Multitasking is a mythical activity in which people believe they can perform two or more tasks simultaneously.*
As you’re reading this, are you doing something else at the same time? Maybe you’re trying to listen to a conversation between co-workers. You might think you’re doing both, but—and this may come as a surprise—you’re not. Scientists have learned that our brains don’t process more than one stream of information at a time.**
When you read, your brain absorbs the information it receives through the act of reading. But, when you try to read and listen to the neighboring conversation, your brain interrupts your concentration to drift over to the conversation for a few seconds. When that happens, you no longer comprehend the words on the page. The time “away” is so fleeting that you may not realize you’re not fully focused on the original task of reading, leading you to believe you’re multitasking.

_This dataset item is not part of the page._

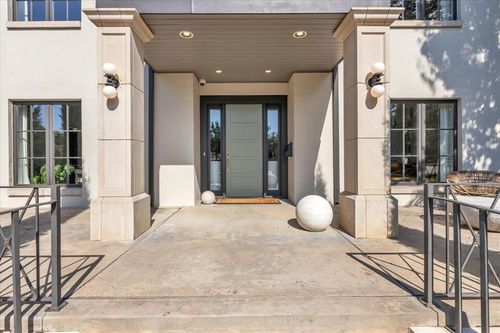 1913 Huntington Avenue, Nichols Hills, OK, 73116 | Card Image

Now, switch the situation to driving. Your brain is unable to process simultaneous activities, period. Do you still think you can multitask behind the wheel? Keep in mind that, during the time your mind wanders from focusing on driving to focusing on something else, you are now a distracted driver. Your vehicle may have traveled hundreds of feet and, depending on the duration of the distraction, you could wind up involved in something much more disastrous than just “unconscious” driving.
Whenever you head to the job site, you drive on behalf of the company. That means you have the added responsibility of not only protecting everyone else who shares the road with you, but protecting your company as well. Before you get behind the wheel, understand the gravity of distracted driving, and what it could mean to you, your employer—and possibly your job.
First, know the three kinds of distractions. Then devise ways to avoid them.
- Visual – anything that takes your eyes off the road. This includes things both inside and outside the car.
- Manual – anything that takes your hands off the wheel. Two hands are much better than one for keeping control and making corrective maneuvers.
- Cognitive – anything that takes your mind off driving. This is known as inattentive blindness. It’s often what happens when you drive somewhere and don’t remember the drive itself.
As much as we’d all like to believe we can multitask, our brains simply will not let us do so effectively. Being distracted while reading is relatively harmless; being distracted while driving is not. When you’re focused on driving, it could help you avoid the guy in the next lane who isn’t.